(Stored entries)
◇ ◇ ◇

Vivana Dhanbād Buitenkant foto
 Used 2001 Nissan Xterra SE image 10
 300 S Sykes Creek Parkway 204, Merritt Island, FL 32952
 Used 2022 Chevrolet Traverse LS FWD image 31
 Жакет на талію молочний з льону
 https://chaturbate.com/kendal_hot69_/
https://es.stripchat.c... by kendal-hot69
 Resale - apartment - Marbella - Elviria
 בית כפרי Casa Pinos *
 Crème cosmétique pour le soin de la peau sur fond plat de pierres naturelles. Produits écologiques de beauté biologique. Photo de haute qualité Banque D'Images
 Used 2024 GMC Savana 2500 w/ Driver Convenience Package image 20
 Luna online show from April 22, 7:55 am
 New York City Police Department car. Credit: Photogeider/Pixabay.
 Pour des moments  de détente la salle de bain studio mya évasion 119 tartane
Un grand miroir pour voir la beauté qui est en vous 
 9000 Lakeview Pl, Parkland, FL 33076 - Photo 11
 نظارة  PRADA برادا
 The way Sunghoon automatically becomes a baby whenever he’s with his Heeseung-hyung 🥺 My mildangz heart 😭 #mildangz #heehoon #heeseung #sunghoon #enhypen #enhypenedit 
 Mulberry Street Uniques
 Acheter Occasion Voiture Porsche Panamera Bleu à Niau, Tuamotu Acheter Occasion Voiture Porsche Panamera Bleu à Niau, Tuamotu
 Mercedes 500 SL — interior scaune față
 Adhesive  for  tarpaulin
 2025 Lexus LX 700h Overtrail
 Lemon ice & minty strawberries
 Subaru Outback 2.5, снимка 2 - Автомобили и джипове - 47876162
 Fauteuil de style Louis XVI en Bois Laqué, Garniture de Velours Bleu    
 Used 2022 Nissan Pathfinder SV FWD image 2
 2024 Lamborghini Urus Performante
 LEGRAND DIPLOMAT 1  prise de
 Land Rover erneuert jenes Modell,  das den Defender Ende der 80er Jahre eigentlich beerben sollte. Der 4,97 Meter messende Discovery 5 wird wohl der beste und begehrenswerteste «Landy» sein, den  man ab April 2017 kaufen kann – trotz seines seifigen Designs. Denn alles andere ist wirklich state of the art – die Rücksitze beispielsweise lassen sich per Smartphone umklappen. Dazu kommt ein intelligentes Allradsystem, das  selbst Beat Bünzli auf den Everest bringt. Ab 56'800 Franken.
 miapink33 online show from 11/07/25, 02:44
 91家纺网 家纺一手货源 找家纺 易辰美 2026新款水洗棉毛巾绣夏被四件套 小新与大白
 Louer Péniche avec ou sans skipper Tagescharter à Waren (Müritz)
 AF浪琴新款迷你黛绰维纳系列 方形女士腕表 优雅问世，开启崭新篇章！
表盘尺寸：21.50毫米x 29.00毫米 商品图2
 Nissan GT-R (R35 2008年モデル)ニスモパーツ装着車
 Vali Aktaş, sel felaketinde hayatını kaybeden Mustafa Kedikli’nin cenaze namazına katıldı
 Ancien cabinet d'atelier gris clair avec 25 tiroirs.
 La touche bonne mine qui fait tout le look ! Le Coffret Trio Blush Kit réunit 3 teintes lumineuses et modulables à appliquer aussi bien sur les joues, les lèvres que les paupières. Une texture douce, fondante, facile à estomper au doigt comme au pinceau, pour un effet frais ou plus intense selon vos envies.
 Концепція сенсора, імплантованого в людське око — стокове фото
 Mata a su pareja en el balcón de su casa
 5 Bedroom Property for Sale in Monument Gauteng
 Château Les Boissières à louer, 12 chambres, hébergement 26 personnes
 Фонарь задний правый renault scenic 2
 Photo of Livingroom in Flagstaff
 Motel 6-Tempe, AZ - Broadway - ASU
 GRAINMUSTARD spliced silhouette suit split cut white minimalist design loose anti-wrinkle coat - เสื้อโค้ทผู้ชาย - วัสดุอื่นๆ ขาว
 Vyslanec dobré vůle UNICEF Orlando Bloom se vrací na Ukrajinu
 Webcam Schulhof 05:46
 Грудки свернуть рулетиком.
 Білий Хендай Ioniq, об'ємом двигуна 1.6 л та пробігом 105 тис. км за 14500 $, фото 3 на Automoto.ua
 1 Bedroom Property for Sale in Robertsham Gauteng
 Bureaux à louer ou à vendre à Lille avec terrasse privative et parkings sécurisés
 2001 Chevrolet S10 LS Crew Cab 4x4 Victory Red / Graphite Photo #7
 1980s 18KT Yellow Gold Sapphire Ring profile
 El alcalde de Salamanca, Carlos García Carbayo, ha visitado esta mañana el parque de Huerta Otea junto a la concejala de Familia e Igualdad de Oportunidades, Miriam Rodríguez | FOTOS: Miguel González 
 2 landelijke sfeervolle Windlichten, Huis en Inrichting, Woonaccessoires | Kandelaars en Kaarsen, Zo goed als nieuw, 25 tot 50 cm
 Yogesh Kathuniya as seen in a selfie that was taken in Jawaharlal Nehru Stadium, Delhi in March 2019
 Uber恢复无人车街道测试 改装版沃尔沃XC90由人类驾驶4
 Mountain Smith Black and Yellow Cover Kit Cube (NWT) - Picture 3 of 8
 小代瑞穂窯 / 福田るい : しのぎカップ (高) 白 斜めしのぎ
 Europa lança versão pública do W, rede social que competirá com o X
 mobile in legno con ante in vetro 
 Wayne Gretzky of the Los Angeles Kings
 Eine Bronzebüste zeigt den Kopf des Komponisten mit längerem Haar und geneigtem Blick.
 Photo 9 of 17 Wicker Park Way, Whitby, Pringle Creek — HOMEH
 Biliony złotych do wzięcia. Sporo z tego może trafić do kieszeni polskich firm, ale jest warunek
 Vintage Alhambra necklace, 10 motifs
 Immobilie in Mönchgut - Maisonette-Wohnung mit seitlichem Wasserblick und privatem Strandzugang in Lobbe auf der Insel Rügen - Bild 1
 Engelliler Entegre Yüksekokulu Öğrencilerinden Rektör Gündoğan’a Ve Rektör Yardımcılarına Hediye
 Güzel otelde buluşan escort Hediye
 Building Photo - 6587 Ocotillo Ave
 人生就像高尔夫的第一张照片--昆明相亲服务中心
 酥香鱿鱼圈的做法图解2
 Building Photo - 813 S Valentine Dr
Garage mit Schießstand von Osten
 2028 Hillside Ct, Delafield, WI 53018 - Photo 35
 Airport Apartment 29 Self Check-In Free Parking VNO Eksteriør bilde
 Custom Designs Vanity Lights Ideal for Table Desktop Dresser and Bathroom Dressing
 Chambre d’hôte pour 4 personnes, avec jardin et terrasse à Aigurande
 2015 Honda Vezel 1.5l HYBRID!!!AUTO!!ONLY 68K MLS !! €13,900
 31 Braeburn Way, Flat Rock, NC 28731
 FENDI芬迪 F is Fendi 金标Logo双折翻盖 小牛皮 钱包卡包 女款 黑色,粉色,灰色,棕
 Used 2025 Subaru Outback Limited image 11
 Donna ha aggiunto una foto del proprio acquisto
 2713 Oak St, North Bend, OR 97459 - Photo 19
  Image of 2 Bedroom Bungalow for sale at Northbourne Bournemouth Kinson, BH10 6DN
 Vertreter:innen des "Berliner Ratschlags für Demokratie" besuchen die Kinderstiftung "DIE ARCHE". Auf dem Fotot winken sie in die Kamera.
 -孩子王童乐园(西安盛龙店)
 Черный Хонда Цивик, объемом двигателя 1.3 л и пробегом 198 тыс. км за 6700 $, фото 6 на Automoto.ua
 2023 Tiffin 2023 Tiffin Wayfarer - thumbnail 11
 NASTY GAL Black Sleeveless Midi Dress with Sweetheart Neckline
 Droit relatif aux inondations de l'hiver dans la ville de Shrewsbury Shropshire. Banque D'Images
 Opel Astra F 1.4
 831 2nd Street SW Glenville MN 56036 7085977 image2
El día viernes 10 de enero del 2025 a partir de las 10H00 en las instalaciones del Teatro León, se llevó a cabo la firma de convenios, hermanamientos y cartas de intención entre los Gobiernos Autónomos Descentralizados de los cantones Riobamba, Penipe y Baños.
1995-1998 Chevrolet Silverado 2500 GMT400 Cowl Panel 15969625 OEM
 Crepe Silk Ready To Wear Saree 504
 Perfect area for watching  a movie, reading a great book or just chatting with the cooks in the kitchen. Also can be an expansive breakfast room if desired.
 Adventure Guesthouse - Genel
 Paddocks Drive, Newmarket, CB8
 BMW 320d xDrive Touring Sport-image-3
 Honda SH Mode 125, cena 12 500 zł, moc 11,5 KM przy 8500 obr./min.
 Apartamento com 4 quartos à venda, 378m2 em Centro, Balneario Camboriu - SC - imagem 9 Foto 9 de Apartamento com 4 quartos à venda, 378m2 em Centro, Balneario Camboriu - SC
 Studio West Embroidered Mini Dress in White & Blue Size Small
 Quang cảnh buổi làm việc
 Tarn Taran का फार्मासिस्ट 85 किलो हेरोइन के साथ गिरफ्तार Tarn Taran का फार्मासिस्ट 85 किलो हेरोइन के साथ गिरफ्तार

◇ ◇ ◇

The required answer is the run of lines above, starting at the line with "2024 Lamborghini Urus Performante" and ending at the line with "91家纺网 家纺一手货源 找家纺 易辰美 2026新款水洗棉毛巾绣夏被四件套 小新与大白", reproduced exactly with both ends.

YOUR RESPONSE:
 2024 Lamborghini Urus Performante
 LEGRAND DIPLOMAT 1  prise de
 Land Rover erneuert jenes Modell,  das den Defender Ende der 80er Jahre eigentlich beerben sollte. Der 4,97 Meter messende Discovery 5 wird wohl der beste und begehrenswerteste «Landy» sein, den  man ab April 2017 kaufen kann – trotz seines seifigen Designs. Denn alles andere ist wirklich state of the art – die Rücksitze beispielsweise lassen sich per Smartphone umklappen. Dazu kommt ein intelligentes Allradsystem, das  selbst Beat Bünzli auf den Everest bringt. Ab 56'800 Franken.
 miapink33 online show from 11/07/25, 02:44
 91家纺网 家纺一手货源 找家纺 易辰美 2026新款水洗棉毛巾绣夏被四件套 小新与大白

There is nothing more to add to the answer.